The reply should contain every entry exactly as given, with no pictures in it.

_____

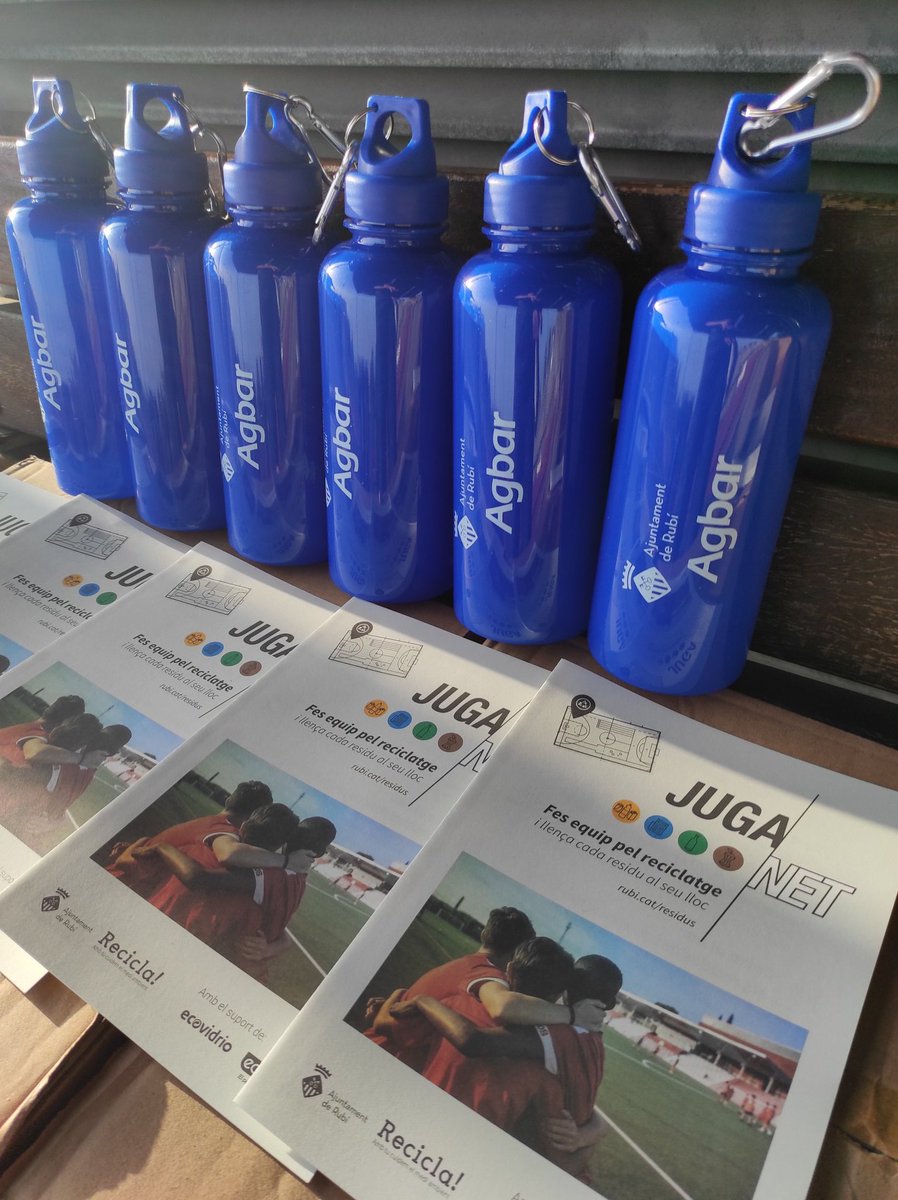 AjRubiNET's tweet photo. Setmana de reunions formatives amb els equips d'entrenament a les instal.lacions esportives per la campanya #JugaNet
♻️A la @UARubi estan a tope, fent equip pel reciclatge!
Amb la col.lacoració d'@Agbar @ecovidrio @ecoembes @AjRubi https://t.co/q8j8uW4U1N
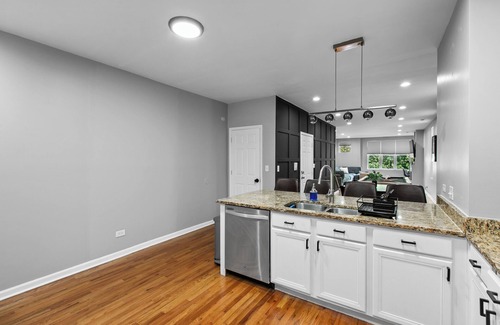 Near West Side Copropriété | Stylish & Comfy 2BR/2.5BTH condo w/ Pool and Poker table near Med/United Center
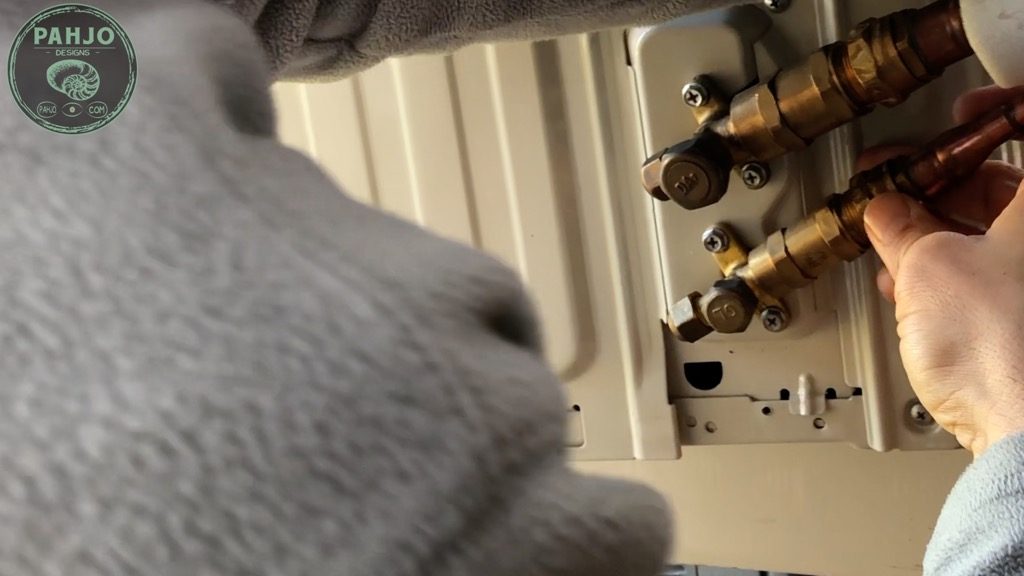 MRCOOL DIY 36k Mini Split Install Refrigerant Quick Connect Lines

_____

§ Answer for this exercise
 AjRubiNET's tweet photo. Setmana de reunions formatives amb els equips d'entrenament a les instal.lacions esportives per la campanya #JugaNet
♻️A la @UARubi estan a tope, fent equip pel reciclatge!
Amb la col.lacoració d'@Agbar @ecovidrio @ecoembes @AjRubi https://t.co/q8j8uW4U1N
 Near West Side Copropriété | Stylish & Comfy 2BR/2.5BTH condo w/ Pool and Poker table near Med/United Center
 MRCOOL DIY 36k Mini Split Install Refrigerant Quick Connect Lines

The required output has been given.